A single vital sign can be misleading. A baby might have a normal heart rate but be struggling to breathe, or normal oxygen levels but a dangerous temperature. The system captures the whole picture continuously, so nothing gets missed in the gaps between manual checks.
You mention that 84 percent of parents wanted to use it at home. That's striking. What does home use mean for a newborn?
It means parents can monitor their baby after discharge, when complications often emerge and when getting back to a hospital might take hours. Early detection of problems at home could prevent deaths that currently happen in the interval between leaving the hospital and returning to care.
Gleason's daughter Kennedy died in 2009. Does that loss still shape how he approaches this work?
It's the foundation of everything. He's not solving an abstract problem. He's trying to prevent what happened to Kennedy from happening to other families. That clarity of purpose changes how you design, how you listen to communities, how you persist when progress is slow.
The automation aspect seems crucial—freeing nurses from data entry so they can think.
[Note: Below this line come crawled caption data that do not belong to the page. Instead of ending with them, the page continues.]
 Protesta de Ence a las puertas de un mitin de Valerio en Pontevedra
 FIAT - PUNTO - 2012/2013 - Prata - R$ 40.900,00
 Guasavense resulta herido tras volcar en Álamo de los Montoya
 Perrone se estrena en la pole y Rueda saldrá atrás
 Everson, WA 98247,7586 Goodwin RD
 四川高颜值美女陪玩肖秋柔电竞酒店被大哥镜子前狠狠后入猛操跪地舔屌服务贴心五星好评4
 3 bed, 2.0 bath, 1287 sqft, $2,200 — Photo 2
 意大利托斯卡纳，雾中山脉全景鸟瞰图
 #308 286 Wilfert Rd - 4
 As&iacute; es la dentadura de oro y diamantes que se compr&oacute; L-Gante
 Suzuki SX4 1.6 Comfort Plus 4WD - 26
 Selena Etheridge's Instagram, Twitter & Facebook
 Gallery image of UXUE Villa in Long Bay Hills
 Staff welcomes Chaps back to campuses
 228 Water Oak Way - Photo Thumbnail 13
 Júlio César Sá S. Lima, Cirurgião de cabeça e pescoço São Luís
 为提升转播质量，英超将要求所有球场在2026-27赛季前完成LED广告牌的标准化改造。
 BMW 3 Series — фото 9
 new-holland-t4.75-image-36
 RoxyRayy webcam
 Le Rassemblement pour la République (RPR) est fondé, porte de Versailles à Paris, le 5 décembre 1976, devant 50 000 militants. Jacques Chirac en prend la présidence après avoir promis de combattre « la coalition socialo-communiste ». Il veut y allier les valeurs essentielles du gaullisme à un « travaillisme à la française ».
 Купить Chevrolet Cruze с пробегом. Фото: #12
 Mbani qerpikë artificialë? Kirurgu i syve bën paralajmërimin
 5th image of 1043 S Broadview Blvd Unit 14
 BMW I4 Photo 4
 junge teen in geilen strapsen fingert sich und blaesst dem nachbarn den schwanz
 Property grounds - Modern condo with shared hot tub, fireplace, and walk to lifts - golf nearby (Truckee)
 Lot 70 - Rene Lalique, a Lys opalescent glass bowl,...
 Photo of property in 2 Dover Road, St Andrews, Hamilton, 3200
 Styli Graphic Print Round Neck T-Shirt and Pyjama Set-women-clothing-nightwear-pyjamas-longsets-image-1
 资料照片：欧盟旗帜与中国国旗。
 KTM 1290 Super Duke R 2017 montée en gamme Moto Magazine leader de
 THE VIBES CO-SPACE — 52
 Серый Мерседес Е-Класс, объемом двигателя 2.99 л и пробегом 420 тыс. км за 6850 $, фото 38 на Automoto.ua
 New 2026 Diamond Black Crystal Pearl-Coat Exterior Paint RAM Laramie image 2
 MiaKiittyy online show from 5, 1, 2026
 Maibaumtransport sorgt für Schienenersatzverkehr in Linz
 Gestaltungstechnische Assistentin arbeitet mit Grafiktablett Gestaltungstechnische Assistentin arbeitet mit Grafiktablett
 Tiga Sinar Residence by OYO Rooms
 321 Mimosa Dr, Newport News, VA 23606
How does that actually play out in a busy NICU?
In resource-limited settings, nurses are already stretched. If you can eliminate the manual recording and paper tracking, you've given them back time and mental space for the decisions that actually require expertise. The machine does the watching; the human does the thinking.
What happens next? Is this ready to scale?
The pilot proved the concept works and that communities want it. Now comes the harder part: manufacturing at scale, training staff across multiple hospitals, integrating it into existing workflows, and proving it actually reduces mortality rates in real-world conditions. That's years of work.